### [Work instruction]
Go through the listing and set it down exactly, leaving out its pictures.

### [Data provided]
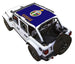 Sun Shade for Jeep Wrangler JLU 4-Door by SPIDERWEBSHADE; blue printed shade top with Kansas flag design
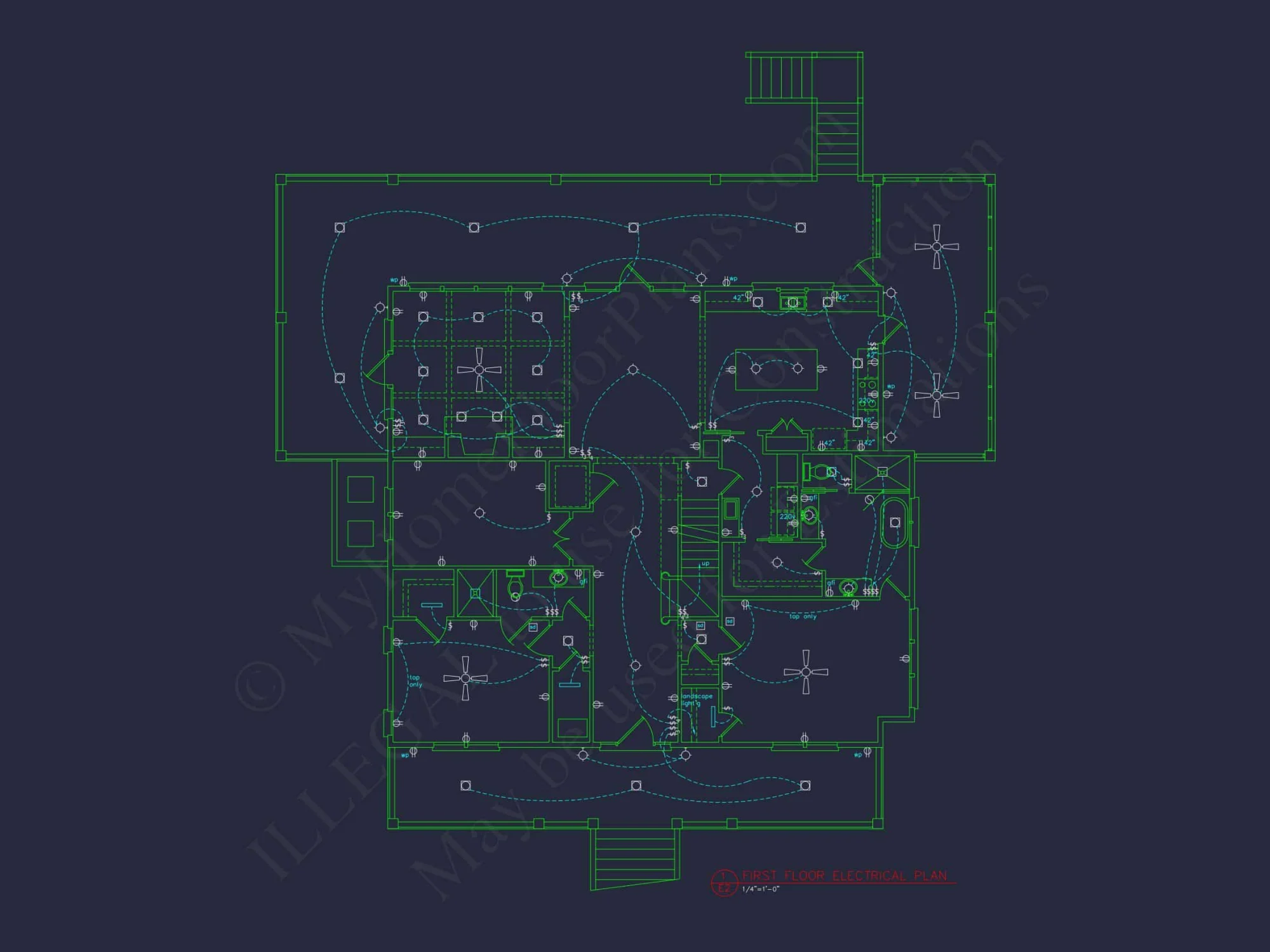 Custom house Blueprint with 5 Beds, Open Floor Plan — CAD Designs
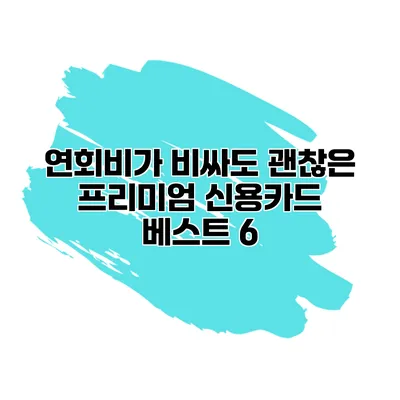 연회비가 비싸도 괜찮은 프리미엄 신용카드 베스트 6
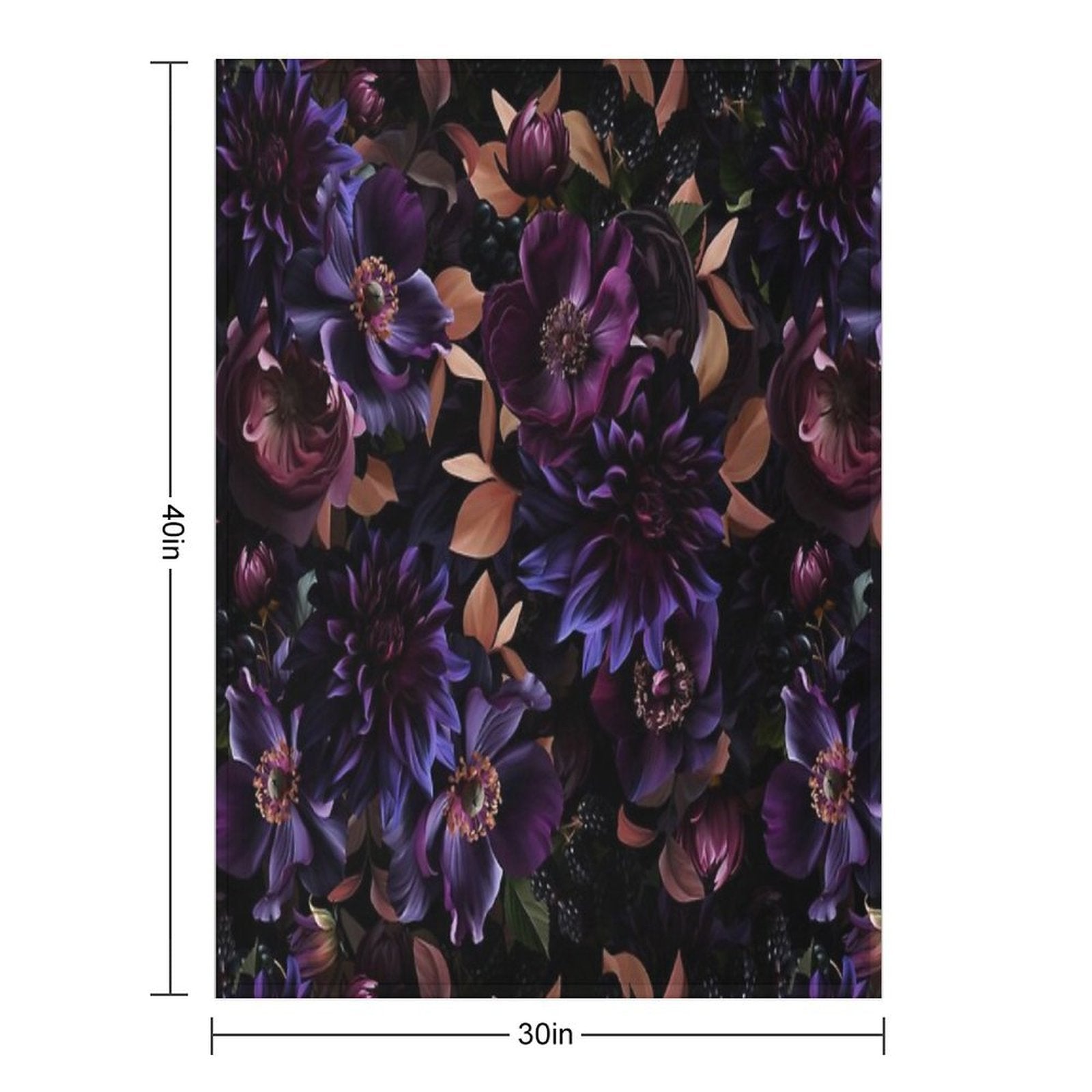 Mystic Moody Dark Florals Nightgarden Compact Throw Blanket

### [Answer to this exercise]
 Sun Shade for Jeep Wrangler JLU 4-Door by SPIDERWEBSHADE; blue printed shade top with Kansas flag design
 Custom house Blueprint with 5 Beds, Open Floor Plan — CAD Designs
 연회비가 비싸도 괜찮은 프리미엄 신용카드 베스트 6
 Mystic Moody Dark Florals Nightgarden Compact Throw Blanket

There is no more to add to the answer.